One of the clear differences between nonprofit and for-profit creative enterprise is how each can use cash and financial resources to advance its work. This distinction seemed to stick during the GLI/NAS roundtable in June (see my original post for background, also note that the Getty Leadership Institute has now posted a summary of the event and downloadable versions of the briefing and summary reports).
The flexible and malleable use of cash and monetary assets is a hallmark of for-profit enterprise. If a dollar isn’t serving its best purpose in one place, a smart for-profit manager is expected to redirect that dollar somewhere else. The magic word that kept arising at the Getty gathering was ‘fungibility’ (defined here, if you need a word of the day), or the ability to use an asset in a flexible way, rather than have it restricted to a specific purpose.
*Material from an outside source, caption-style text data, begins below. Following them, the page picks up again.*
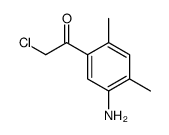 Ethanone, 1-(5-amino-2,4-dimethylphenyl)-2-chloro- (9CI) Structure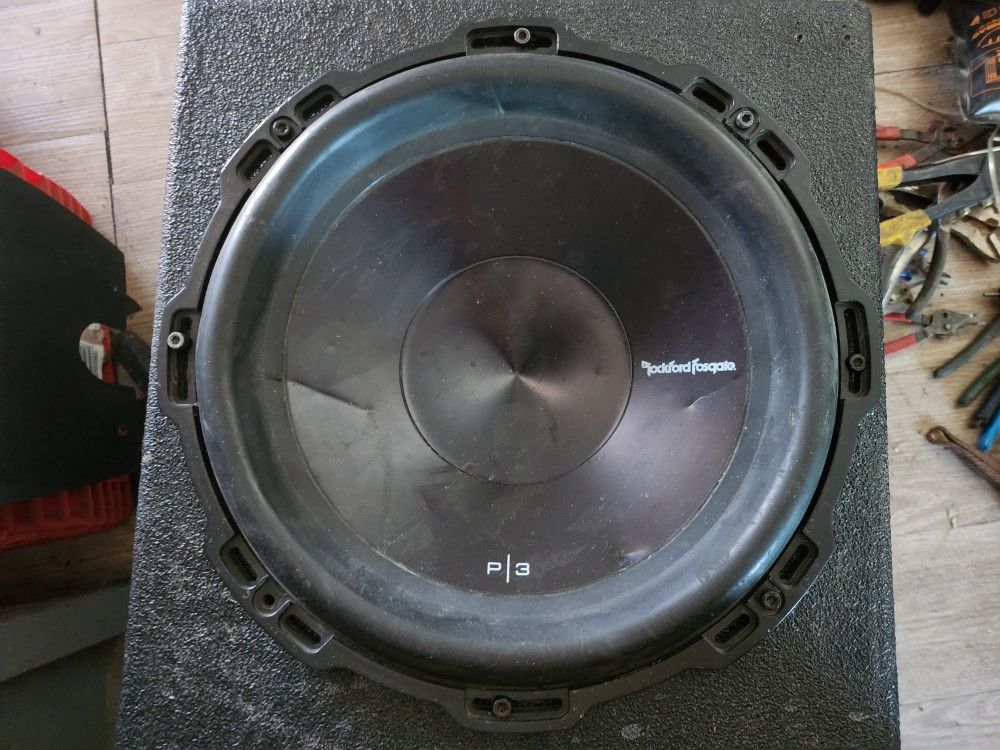 Rockford Phosgate P3 12" WOOFER $100 IT POUNDS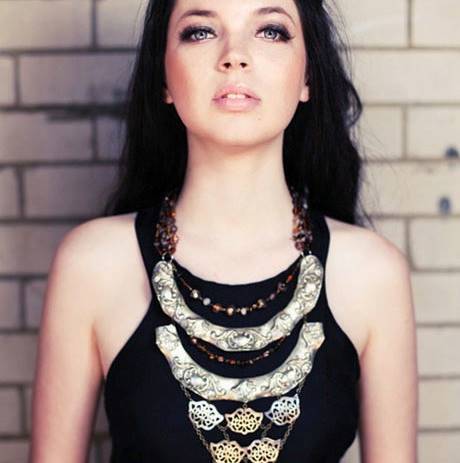 COFA student Sophia Davison created recycled jewellery in collaboration with Vinnies Christmas Appeal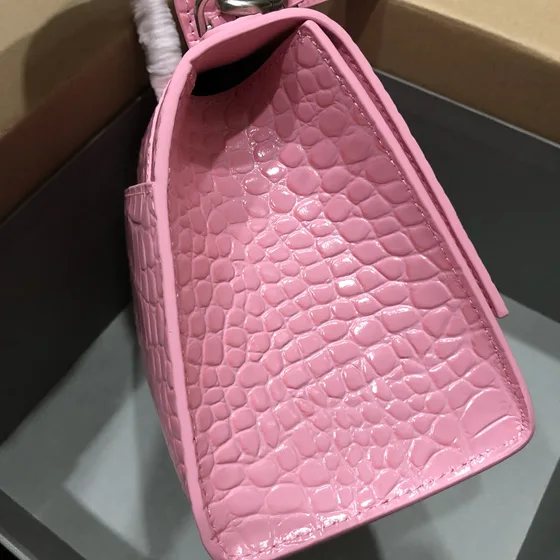 Balenciaga Hourglass Small Anse supérieure Bag Rose Anse supérieure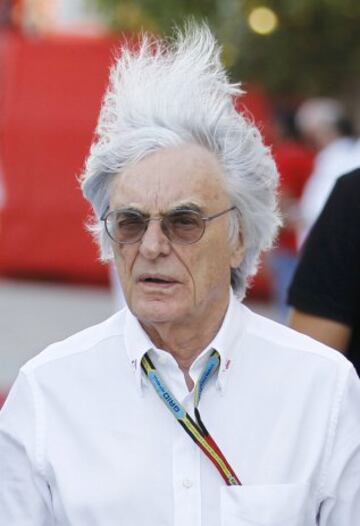 Bernie Ecclestone.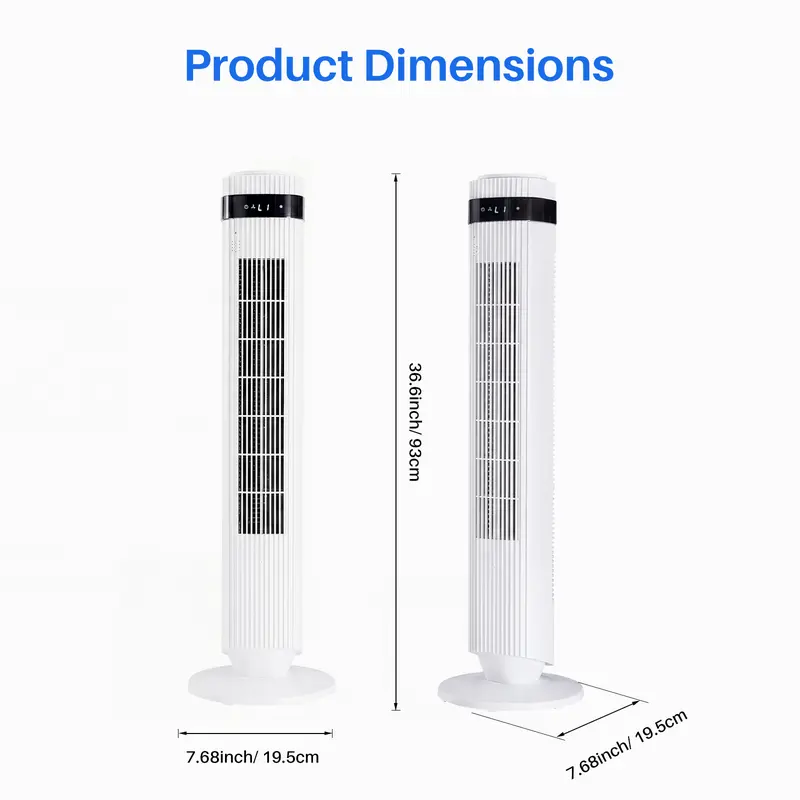【New】Tower Fan for Bedroom, 28dB Silent Standing Fan with 12H Timer, Smart Auto Mode, 64° Oscillating Bladeless Cooling Fan for Home Office,summerwins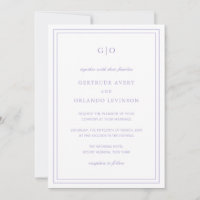 Classic Lilac QR Code Elegant Wedding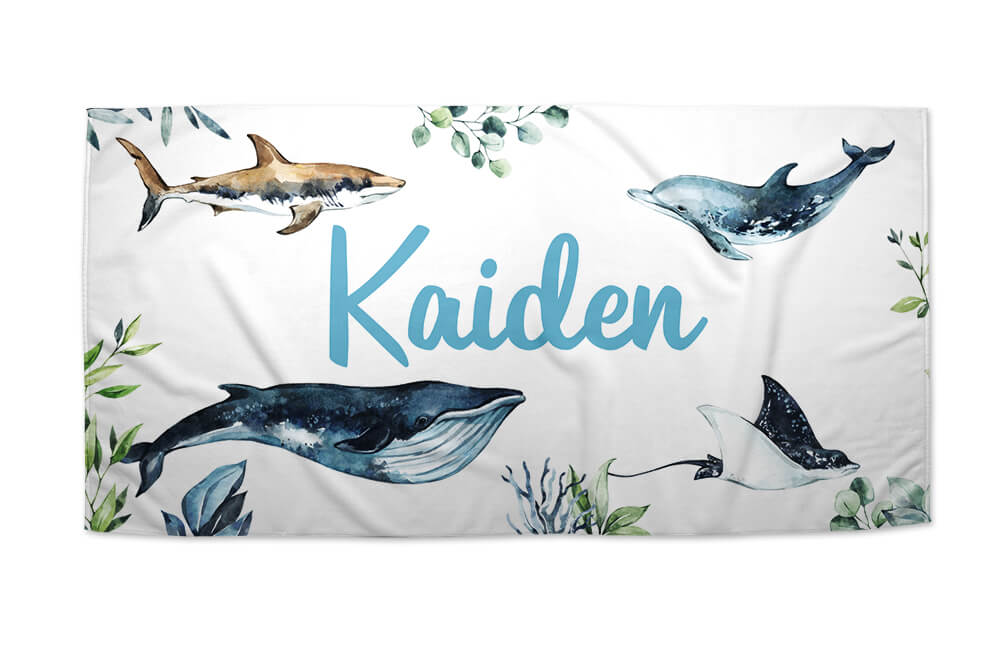 Deep Ocean Theme Beach Towel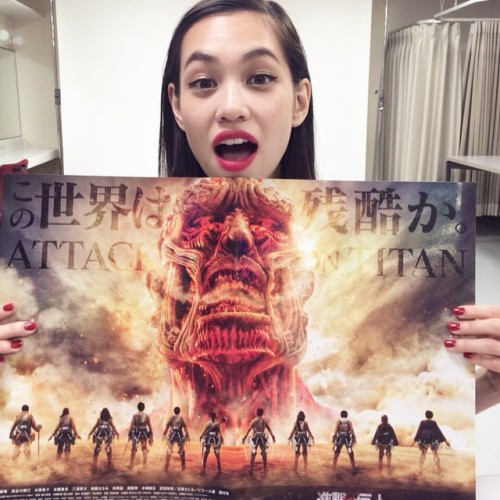 teammizuhara:    Nylon Japan’s lip service September 2015 will be featuring a special interview of Kiko Mizuhara about her upcoming movie, Attack On Titan! To be released July 28. x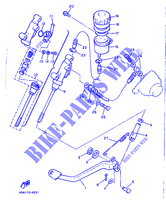 MAITRE CYLINDRE DE FREIN ARRIERE pour Yamaha XJ600 (37KW) de 1986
For all sorts of reasons, nonprofit enterprises often find themselves with funds that aren’t fungible, i.e., can’t be redirected from their original purpose. Some reasons are obvious — as public entities, nonprofits receive many fiscal priveledges, adding an extra layer of responsibility and accountability to their actions. Some reasons are systemic — contributed funds often carry specific restrictions on how and when they are to be spent, either directly stated or merely implied.
As the event briefing paper describes it:
The business model that comes with red-ink businesses is a cumbersome one, reliant as it is on contributed income. Richard Caves again: ‘The growth of bureaucracy in arts organizations stems not just from its enlarged size but also from the need for donations, which require the organization of fundraising and the bureaucratic display of orderly procedure and accountability.’ More generally, the increasing preoccupation of foundation and government funders with evaluation of outcomes and outputs — all in itself entirely legitimate — similarly shifts the balance between accountability and the fostering of innovation.
That balance between accountability and innovation is the crux of the matter for cultural nonprofits who, often as a result of their funding structures and limits, end up focusing more on the means than the mission. Often, even if an organization found a more effective and powerful way to fulfill a stated goal, it could not redirect its contributed income from what it already said it would do.
As an example, suppose a nonprofit received a grant to involve public school teachers in the performing arts through a series of lecture/discussions. Then suppose they eventually realized that for their community, a series of individual ticket vouchers would better match the teachers’ time and interest, or a hotline for specific curriculum questions, or a series of in-services sent into the schools. Without specific consent from the granting organization or donor, they could not redirect the funds, even if the goal was better served. The money isn’t fungible, isn’t flexible, as it is tied to the means of the project rather than the ends.
It’s not that for-profit creative organizations are swimming in fungible cash. Contracts with investors can look just as complex and means-focused as grant guidelines. And if they are publicly traded organizations, for-profits have an increasingly burdensome responsibility to justify their actions and expenditures. The grass isn’t greener on either side of the fence.
But when such sources become too restrictive in the for-profit world, there are a wider variety of financial tools and resources to draw from…not to mention a deeper pool of business expertise and financial innovation.